Musim kebakaran di kedua wilayah itu bergeser akibat perubahan iklim. Laporan hasil studi ini telah dipublikasikan di jurnal Earth’s Future pada April 2025.
Para peneliti menggunakan Canadian Fire Weather Index (FWI) untuk mengukur risiko kebakaran. Indeks ini memperhitungkan curah hujan, suhu, kelembaban relatif, dan kecepatan angin.
Para peneliti mengindentifikasi hari-hari dengan risiko kebakaran hutan yang tinggi. Mereka menemukan musim kebakaran di Australia Timur dan Amerika utara bagian barat semakin tumpang tindih sejak 1979.
Lalu bagaimana dengan Indonesia?
Langsung maupun tidak langsung karena pemanasan global, maka perubahan iklim juga akan meningkatkan risiko kebakaran di Indonesia, khususnya pada daerah lahan gambut yang terbuka (termasuk perkebunan sawit yang ditanam di lahan gambut) yang memang sangat rentan kebakaran hutan.
Kepala BMKG, Dwikorita Karnawati, menyampaikan bahwa awal musim kemarau 2025 mulai terjadi sejak April dan akan berlangsung secara bertahap di berbagai wilayah Indonesia.
Kendati demikian, musim kemarau 2025 diprediksi akan berlangsung lebih singkat dari biasanya di sebagian besar wilayah Indonesia.

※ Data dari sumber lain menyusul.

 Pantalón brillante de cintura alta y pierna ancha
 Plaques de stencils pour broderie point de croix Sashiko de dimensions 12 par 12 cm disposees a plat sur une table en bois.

Hal ini berdasarkan pemantauan dan analisis dinamika iklim global dan regional yang dilakukan BMKG hingga pertengahan April 2025.
Dwikorita juga mengungkapkan bahwa puncak musim kemarau akan terjadi pada Juni hingga Agustus 2025, dengan wilayah-wilayah seperti Jawa bagian tengah hingga timur, Kalimantan, Sulawesi, Bali, Nusa Tenggara, dan Maluku diperkirakan mengalami puncak kekeringan pada Agustus.
Untuk sektor kebencanaan, peningkatan kesiapsiagaan terhadap potensi kebakaran hutan dan lahan (karhutla) menjadi hal yang sangat krusial, terutama di wilayah yang diprediksi mengalami musim kemarau dengan sifat normal hingga lebih kering dari biasanya.